Original psi for original Michelin tires (4-6 ply I believe) was:
26 PSI front
36 PSI rear
I run upgraded 245/75r16 (10 ply) BFG tires with a max PSI of 80 at:
32-34 PSI front
44-46 PSI rear
Drives comfortably, handles well, and isn't too harsh... higher PSI's seem to leave a really harsh ride, and are required for a full load. PSI also relates to the weight of the vehicle.
I had one shop tell me that the OEM specifications were not correct, that the PSI should be equal all around. They told me that the engineers got the measurements wrong.... lol. I just smiled and nodded along.
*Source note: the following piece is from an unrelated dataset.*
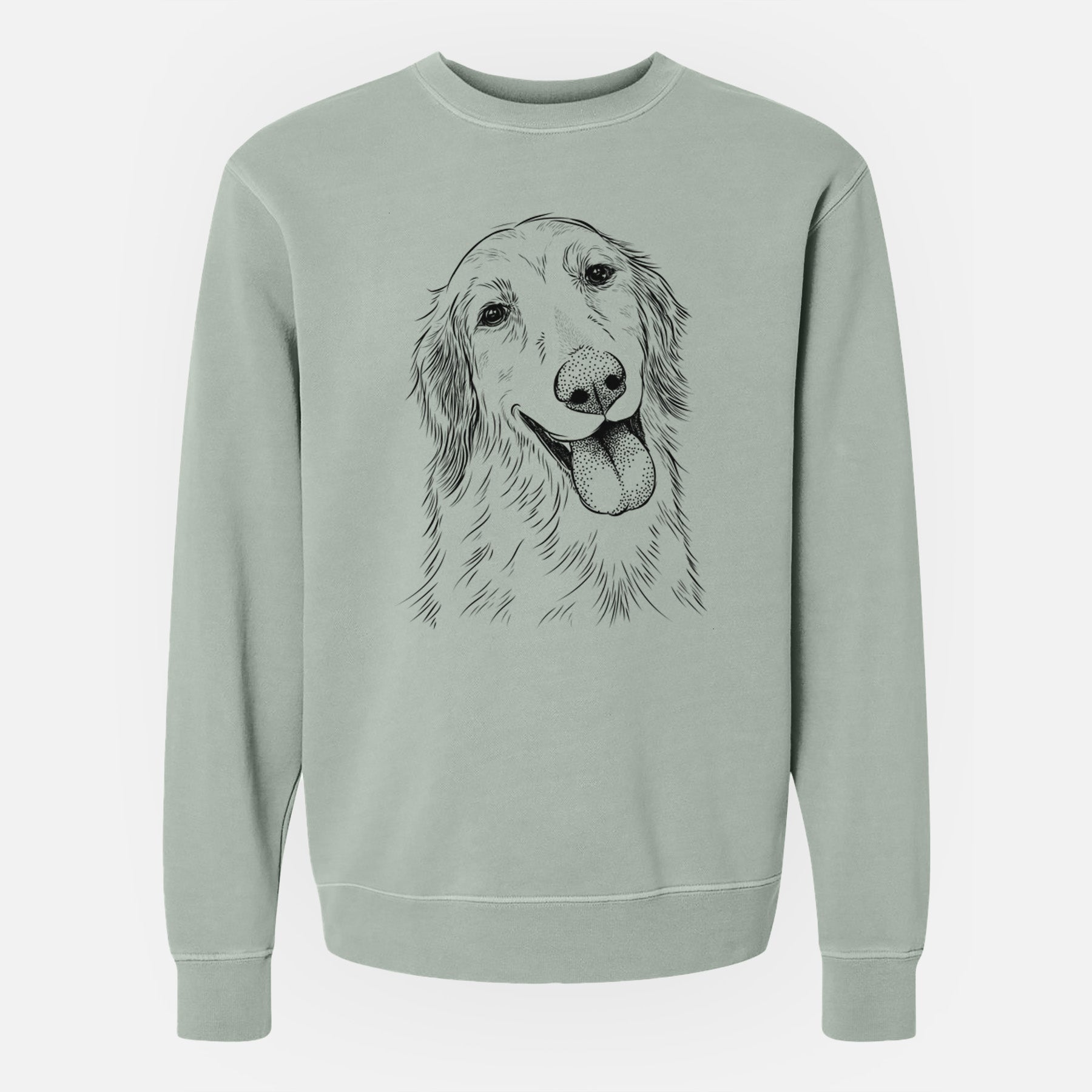 Bare Shelby the Golden Retriever - Unisex Pigment Dyed Crew Sweatshirt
Original psi for original Michelin tires (4-6 ply I believe) was:
26 PSI front
36 PSI rear
I run upgraded 245/75r16 (10 ply) BFG tires with a max PSI of 80 at:
32-34 PSI front
44-46 PSI rear
Drives comfortably, handles well, and isn't too harsh... higher PSI's seem to leave a really harsh ride, and are required for a full load. PSI also relates to the weight of the vehicle.
I had one shop tell me that the OEM specifications were not correct, that the PSI should be equal all around. They told me that the engineers got the measurements wrong.... lol. I just smiled and nodded along.
Get under the front and tighten all steering bolts connected to the small steer arm, Oil leaks down around the motor can loosen these things very fast. I found Two 19mm bolts that allowed the Arm, track rods (The whole front end!!) at 60 miles to shake like crazy. "TIGHT TEST".
65 Psi!!?? Hahahah thats a God Dam truck tire hahahaha 35-40 more like it.
1997 Discovery 3.9 with road tires cos the wife dose 1000 miles a week!! Had it at 130 klm's with no shake, rattle or roll, love it!!
1997 Discovery 3.9 with road tires cos the wife dose 1000 miles a week!! Had it at 130 klm's with no shake, rattle or roll, love it!!
Last edited by Clint Lambert; Oct 24, 2014 at 05:01 AM. Reason: Forgot my land spec's.